The Hartford Courant

February 27, 2011

In 2008, facing major deficits and layoffs, the members of the Hartford city council detected an otherwise imperceptible need to give themselves a big raise.

The council voted to put a nearly 80 percent salary increase for themselves — from $15,000 a year to $26,650 —on the November ballot. It passed, with 51 percent of the vote, quite possibly aided by a confusingly worded ballot question: "Shall there be an ordinance amending the annual salary of Members of the Court of Common Council to ($26,650) effective January 1, 2012?"

Note that the word "raise" does not appear. Do you supposed some residents voted "yes" thinking this was some kind of procedural housekeeping question, not a big raise for the council?

In any event, some council members have now proposed putting a question on this fall's ballot to rescind the raises. They should do that, and in plain English.

Hartford's council is already the highest paid in the state. These are supposed to be part-time jobs, especially after the change to the strong mayor system. As councilman Kenneth Kennedy said in opposing the raise, council work is a public service. It is a privilege and involves some sacrifice.

Other Savings

With the city facing a projected $9.8 million budget deficit this year and a $17.8 million gap in 2011-12, there must be sacrifice aplenty.

The big items, as with governments at all levels, are health care and pensions.
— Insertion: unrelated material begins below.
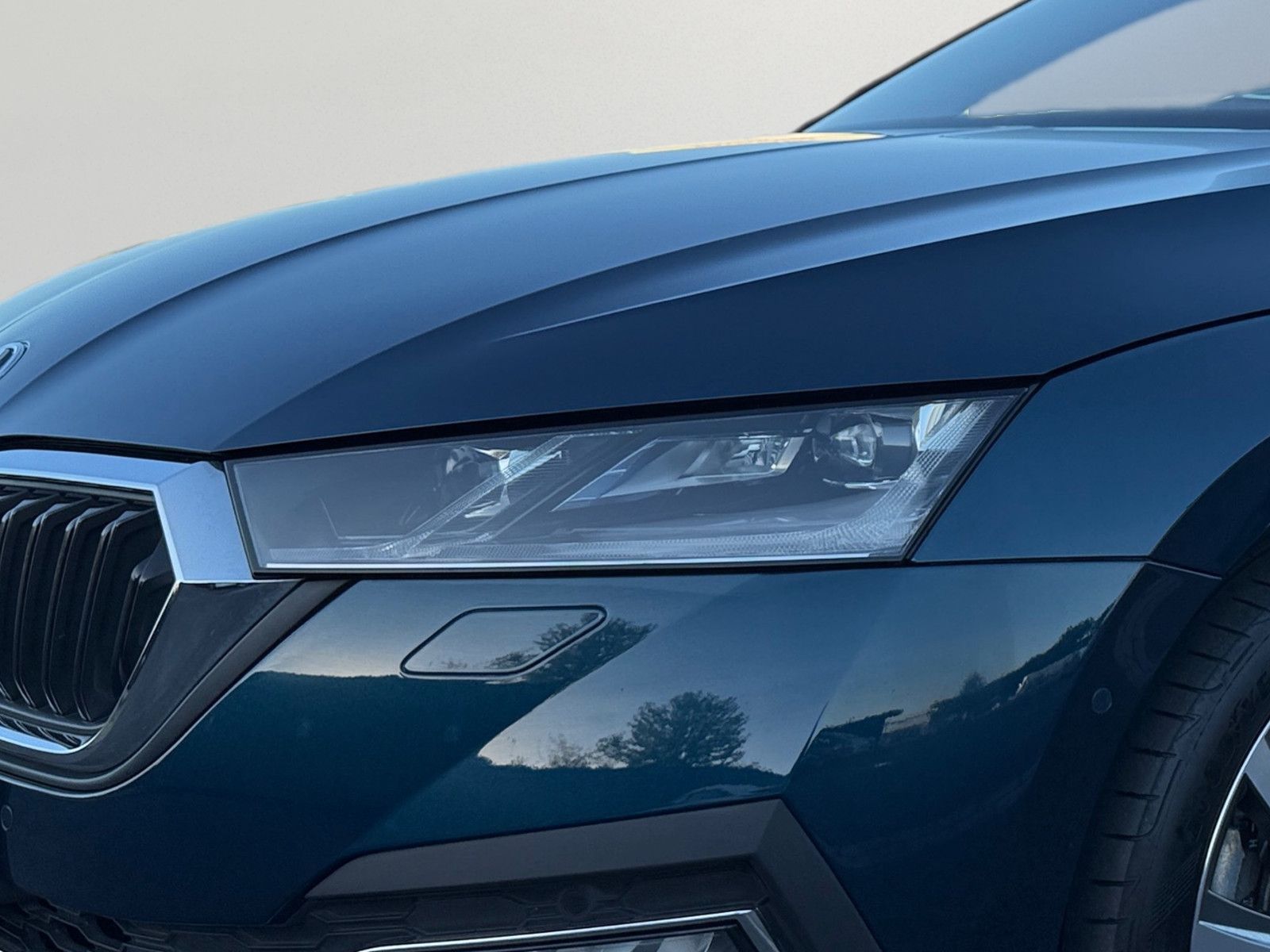 Skoda Octavia Combi 1.4 TSI iV First Edition - Samsaru's Car Outlet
Reducing costs in these areas is essential, and should be the major focus. The majority of non-education city workers are in public safety; the city must find some savings in these areas. Thus the recent hiring of two deputy fire chiefs, one from outside the department, at annual salaries of $122,000 may have been untimely.

The city is in contract negotiations with the police union, and presumably is pushing to bring what historically have been lavish pension benefits down to a level the city can afford.

But a tight fiscal ship must have all leaks caulked. Although pension and benefits are the big-ticket items, there are smaller expenses, such as the council raises, that stick in the craw of taxpayers and should be addressed. Here are three:

Take-home cars. A number of high-ranking city workers — two dozen or more; the city has been unable to produce the actual number for the past week — have city cars they can take home at night. Does the city owe well-paid managers a ride to work? Wouldn't a pool of city cars, that officials could sign out if needed when they got to work, save money? How about a downtown Zipcar service, that residents and business people as well as city employees, could use? Ditto for state cars.

Contribution fund. The city council has a $300,000 fund from which it can make contributions to civic and cultural organizations. In good times, perhaps. Now, no. This line item must be lined out.

Needless jobs. Though many have been eliminated by layoffs and early retirements, there are still a few politically scented jobs sprinkled through the workforce that the city can live without. For example, former State Rep. Evelyn Mantilla, an ally of former Mayor Eddie Perez, serves as the communications manager for the city Department of Health and Human Services, at $71,000 a year, according to city records. The department doesn't have much need for a media spokesperson, and our sense is that other tasks could be parceled out.

Mayor Pedro Segarra has vowed to look under all the rocks and consider such steps as department consolidations. The budget process, a series of collaborative, workshop-style sessions with the council and residents, began Thursday with the innovative idea of moving city employees to the state's prescription drug plan, which could save $1.8 million in the next fiscal year. That's a good first step.